Exercise description: Give back every line of the material exactly. Skip the pictures.

══════════════════════════════

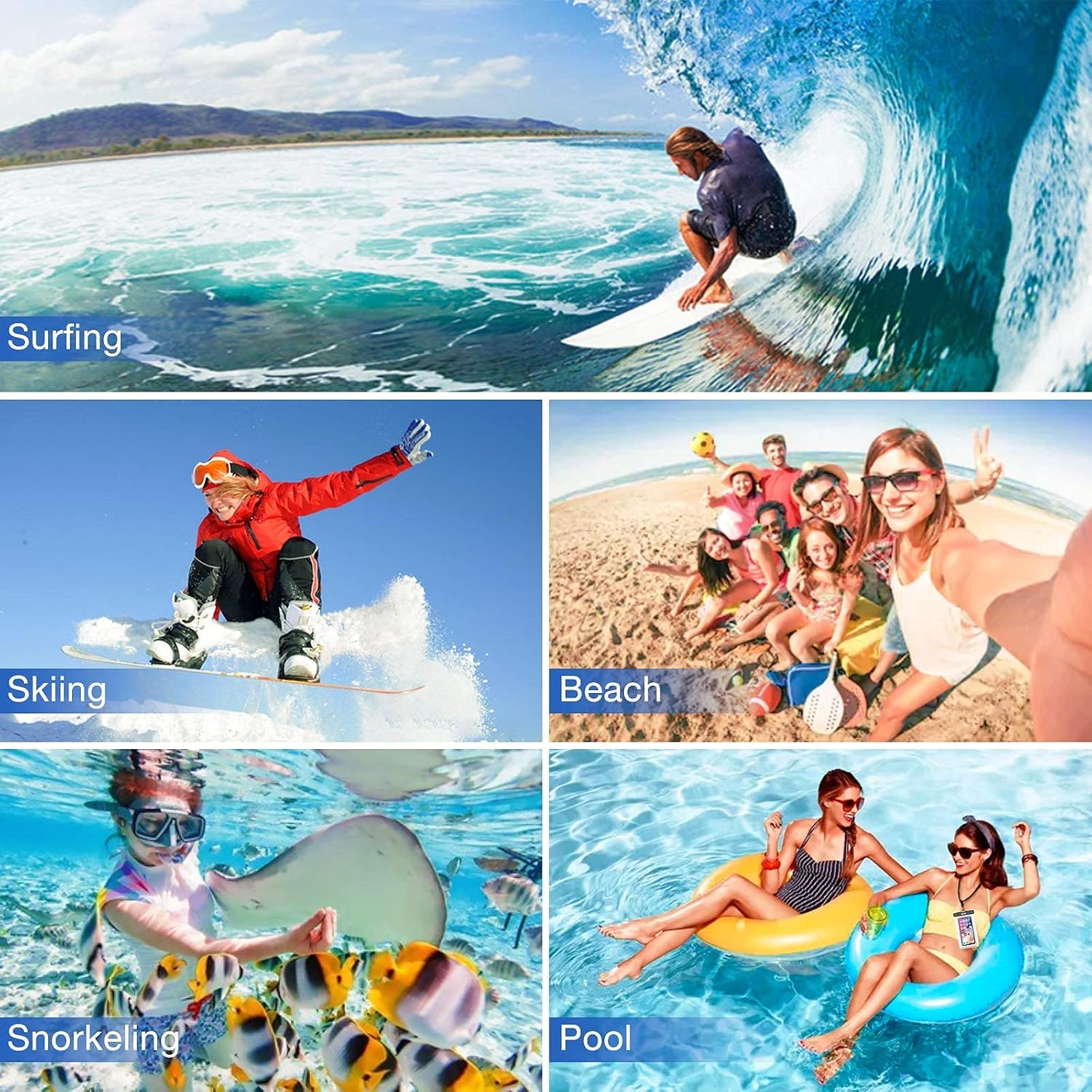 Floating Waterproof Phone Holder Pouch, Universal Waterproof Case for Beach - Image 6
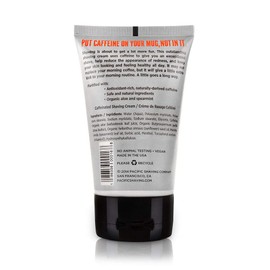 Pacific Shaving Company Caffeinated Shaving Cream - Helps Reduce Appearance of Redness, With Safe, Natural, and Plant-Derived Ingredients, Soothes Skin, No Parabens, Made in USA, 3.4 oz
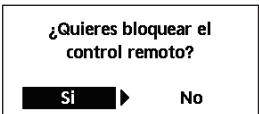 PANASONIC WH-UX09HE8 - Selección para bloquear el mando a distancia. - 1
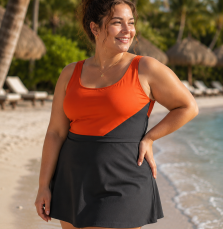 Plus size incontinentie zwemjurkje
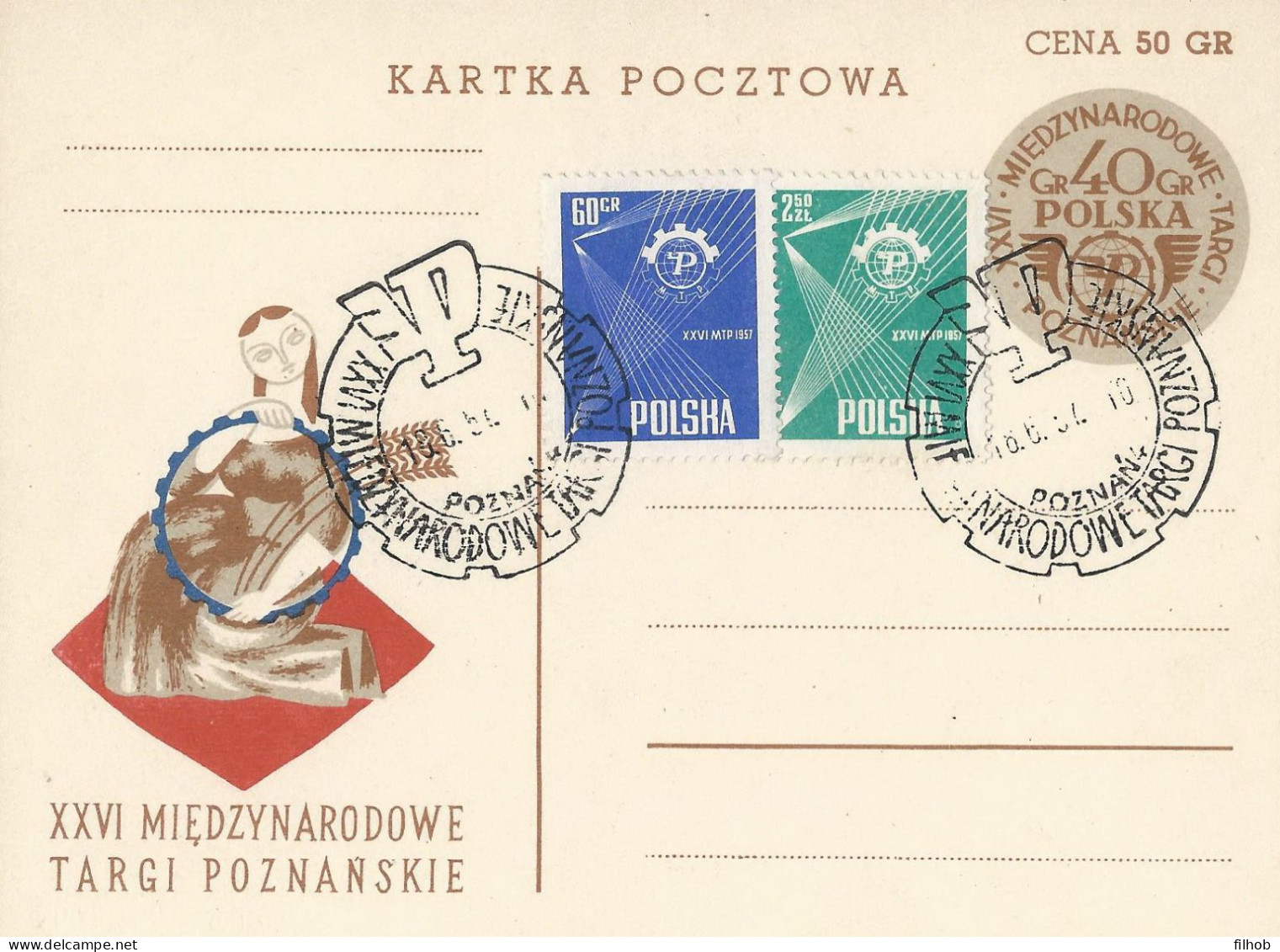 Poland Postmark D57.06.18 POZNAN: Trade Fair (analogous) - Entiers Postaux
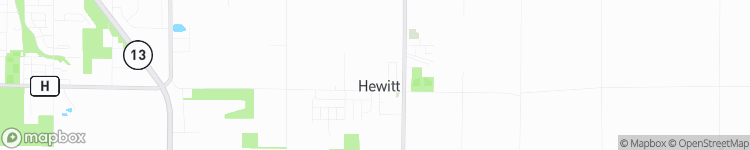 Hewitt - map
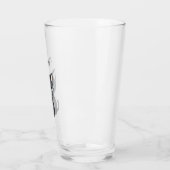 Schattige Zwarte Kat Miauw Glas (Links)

══════════════════════════════

Solution to the problem:
 Floating Waterproof Phone Holder Pouch, Universal Waterproof Case for Beach - Image 6
 Pacific Shaving Company Caffeinated Shaving Cream - Helps Reduce Appearance of Redness, With Safe, Natural, and Plant-Derived Ingredients, Soothes Skin, No Parabens, Made in USA, 3.4 oz
 PANASONIC WH-UX09HE8 - Selección para bloquear el mando a distancia. - 1
 Plus size incontinentie zwemjurkje
 Poland Postmark D57.06.18 POZNAN: Trade Fair (analogous) - Entiers Postaux
 Hewitt - map
 Schattige Zwarte Kat Miauw Glas (Links)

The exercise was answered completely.